Óperas
La Bohème
http://es.wikipedia.org/wiki/La_Boheme
Tal vez sea la magia del libreto o ese vago recuerdo que la une a la dama de las Camelias en el interior de mi cabeza, e incluso, la imagen de un Luciano joven interpretando a Rodolfo. Dulce Rodolfo. Mi hermano encerrado en su habitación veinte años atrás con la ópera a todo trapo, y es que hay que escucharla así, bien alto.
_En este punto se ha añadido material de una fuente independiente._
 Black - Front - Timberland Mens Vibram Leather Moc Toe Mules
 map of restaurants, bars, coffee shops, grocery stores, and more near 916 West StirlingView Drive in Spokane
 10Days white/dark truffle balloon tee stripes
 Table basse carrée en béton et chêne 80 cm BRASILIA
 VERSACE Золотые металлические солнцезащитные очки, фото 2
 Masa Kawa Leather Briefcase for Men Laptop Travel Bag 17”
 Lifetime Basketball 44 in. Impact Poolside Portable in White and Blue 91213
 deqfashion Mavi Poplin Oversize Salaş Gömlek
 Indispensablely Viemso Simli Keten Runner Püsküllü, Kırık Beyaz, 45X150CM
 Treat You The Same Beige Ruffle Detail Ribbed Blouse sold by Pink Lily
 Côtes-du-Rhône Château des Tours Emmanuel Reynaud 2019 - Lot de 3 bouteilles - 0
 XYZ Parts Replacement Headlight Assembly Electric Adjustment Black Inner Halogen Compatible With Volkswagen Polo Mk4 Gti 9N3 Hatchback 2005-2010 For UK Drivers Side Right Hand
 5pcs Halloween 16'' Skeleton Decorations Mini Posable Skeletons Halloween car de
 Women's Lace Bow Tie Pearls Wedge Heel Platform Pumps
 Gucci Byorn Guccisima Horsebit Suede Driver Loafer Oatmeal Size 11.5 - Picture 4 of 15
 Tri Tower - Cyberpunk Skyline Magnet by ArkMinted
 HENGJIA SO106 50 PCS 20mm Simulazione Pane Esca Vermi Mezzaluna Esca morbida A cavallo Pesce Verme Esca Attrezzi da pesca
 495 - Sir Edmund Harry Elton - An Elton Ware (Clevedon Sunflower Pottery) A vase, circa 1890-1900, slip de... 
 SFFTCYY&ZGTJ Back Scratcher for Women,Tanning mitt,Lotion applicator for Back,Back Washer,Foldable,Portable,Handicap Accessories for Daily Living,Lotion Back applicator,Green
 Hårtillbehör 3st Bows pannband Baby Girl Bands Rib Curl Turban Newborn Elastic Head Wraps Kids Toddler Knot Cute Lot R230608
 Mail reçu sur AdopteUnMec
La mejor escena, después de Che gelida manina, es la escena final:
http://www.youtube.com/watch?v=VTyUThD28TA&feature=related
Por pertenecer a la generación de los conciertos de los tres tenores y por mi incultura operística, que no pasa más que del simple gusto del aficionado de lejos, aprecio las arias entonadas por tenores. El final de la Bohème se desarrolla entre todos los personajes, y las sopranos me desquician cuando acaparan demasiado el tiempo, no es el caso. No obstante por escuchar a Luciano Rodolfo “gritando” ¡Mimi, Mimi! Merece la pena.
Representa un punto débil en mi lista de historias a recordar porque emplea recursos demasiado estereotipados que no son de mi gusto, lo dicho, una debilidad. Bendita debilidad.
Payasos
http://es.wikipedia.org/wiki/I_Pagliacci
No ocurre lo mismo con I Pagliacci de Leoncavallo, cuyo libreto me parece, dentro de la simplicidad y brevedad, riquísimo. Juega con realidad y ficción… recuerda en teatro a la teoría de Julián Gállego del cuadro dentro del cuadro… y como no, esto:
http://www.youtube.com/watch?v=Ky271W94VHA
Las pasiones humanas, los celos… vagos recuerdos de Shakespeare… tal vez… y mi hermano de nuevo.